Average current spending per-pupil in the 2010-11 school year fell to $10,560, with 21 states spending less than the previous year. The number of full-time equivalent K-12 teachers fell by about 82,000. Thirty-five states employed fewer teachers in 2011 than in 2010.
Annual figures can spike in either direction, so I have constructed a table of the 50 states that examines enrollment, hiring and labor costs over a five-year period (I will eventually update figures for each of America’s more than 13,000 school districts).
From 2006 to 2011, student enrollment decreased a cumulative 0.2 percent, while the K-12 teacher workforce decreased 0.3 percent. Per-pupil spending increased 15.6 percent (about 3.6% after correcting for inflation). Spending on education employee salaries and benefits increased 16 percent.
It’s likely that the 2012 numbers will reflect even sharper declines in spending, after which we can expect a plateau. What happens from here on out is the $600 billion question.
Last Week’s Intercepts. EIA’s daily blog, Intercepts, covered these topics May 21-28:
* A Stroll Through the Moratorium Mausoleum. Remember the full inclusion moratorium of 1994? Don’t worry. No one does.
* Pink Slips, Layoffs and RIFs Are Not the Same Thing. Reckless use of synonyms.
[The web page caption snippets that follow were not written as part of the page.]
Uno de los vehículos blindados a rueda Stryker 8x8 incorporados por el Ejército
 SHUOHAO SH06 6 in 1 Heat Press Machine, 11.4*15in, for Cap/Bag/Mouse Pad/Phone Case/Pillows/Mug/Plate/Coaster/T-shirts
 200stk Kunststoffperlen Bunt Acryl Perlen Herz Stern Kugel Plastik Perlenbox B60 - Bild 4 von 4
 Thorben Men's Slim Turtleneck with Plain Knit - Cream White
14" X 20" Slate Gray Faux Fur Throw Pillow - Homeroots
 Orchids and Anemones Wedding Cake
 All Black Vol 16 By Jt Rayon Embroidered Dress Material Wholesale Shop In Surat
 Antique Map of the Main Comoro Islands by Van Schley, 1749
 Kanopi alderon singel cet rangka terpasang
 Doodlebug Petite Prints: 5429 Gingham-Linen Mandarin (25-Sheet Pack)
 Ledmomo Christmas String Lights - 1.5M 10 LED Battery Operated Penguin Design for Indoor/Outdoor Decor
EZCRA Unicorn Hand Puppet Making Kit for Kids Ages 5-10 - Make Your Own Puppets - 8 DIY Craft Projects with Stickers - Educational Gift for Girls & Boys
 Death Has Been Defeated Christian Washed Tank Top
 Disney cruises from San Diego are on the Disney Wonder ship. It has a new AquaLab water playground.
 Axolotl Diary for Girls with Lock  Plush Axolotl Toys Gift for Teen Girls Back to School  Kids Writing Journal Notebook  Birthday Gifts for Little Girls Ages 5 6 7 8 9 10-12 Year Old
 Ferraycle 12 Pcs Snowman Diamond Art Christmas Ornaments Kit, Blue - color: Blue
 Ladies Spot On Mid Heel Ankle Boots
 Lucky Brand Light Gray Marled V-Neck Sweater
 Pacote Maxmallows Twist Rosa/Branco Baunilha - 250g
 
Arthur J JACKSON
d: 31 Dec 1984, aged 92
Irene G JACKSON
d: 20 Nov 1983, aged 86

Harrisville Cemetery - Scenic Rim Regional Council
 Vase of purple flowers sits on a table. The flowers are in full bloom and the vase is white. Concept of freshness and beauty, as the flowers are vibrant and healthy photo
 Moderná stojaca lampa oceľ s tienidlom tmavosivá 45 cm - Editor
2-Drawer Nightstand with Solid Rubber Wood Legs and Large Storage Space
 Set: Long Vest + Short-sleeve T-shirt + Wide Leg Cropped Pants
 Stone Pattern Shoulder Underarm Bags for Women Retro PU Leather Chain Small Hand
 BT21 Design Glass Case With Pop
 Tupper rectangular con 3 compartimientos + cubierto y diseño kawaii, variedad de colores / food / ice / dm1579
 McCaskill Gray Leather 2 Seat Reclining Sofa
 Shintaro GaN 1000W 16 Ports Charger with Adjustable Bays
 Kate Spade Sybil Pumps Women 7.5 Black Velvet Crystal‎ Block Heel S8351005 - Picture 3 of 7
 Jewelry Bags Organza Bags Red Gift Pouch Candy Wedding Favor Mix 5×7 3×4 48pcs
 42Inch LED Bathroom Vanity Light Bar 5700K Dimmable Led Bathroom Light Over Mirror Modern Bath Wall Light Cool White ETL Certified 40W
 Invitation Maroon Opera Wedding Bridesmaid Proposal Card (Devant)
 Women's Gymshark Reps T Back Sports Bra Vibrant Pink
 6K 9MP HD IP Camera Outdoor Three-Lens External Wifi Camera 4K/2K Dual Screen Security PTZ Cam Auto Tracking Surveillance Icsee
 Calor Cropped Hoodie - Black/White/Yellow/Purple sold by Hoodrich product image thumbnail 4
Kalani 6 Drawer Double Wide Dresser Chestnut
* NEA to Debate Firing Arne Duncan, Again. Sound and fury, signifying nothing.
* Union Trigger. Two stories about accountability and teacher voice.
* Census Bureau Releases 2011 Education Finance Report. The big picture.
* Memorial Day. The words to say.
Quote of the Week. “Anytime there’s an audit of Title I dollars, you’re going to see errors at the school level because schools spend money for what they need, and then sometimes they worry about if it fits the parameter of the grant later.” – Andres Alonso, CEO of the Baltimore City Schools, after a federal audit revealed that Title I and stimulus dollars were used for dinner cruises, meals, theater performances and a mother/daughter makeover. (May 23 CBS Baltimore)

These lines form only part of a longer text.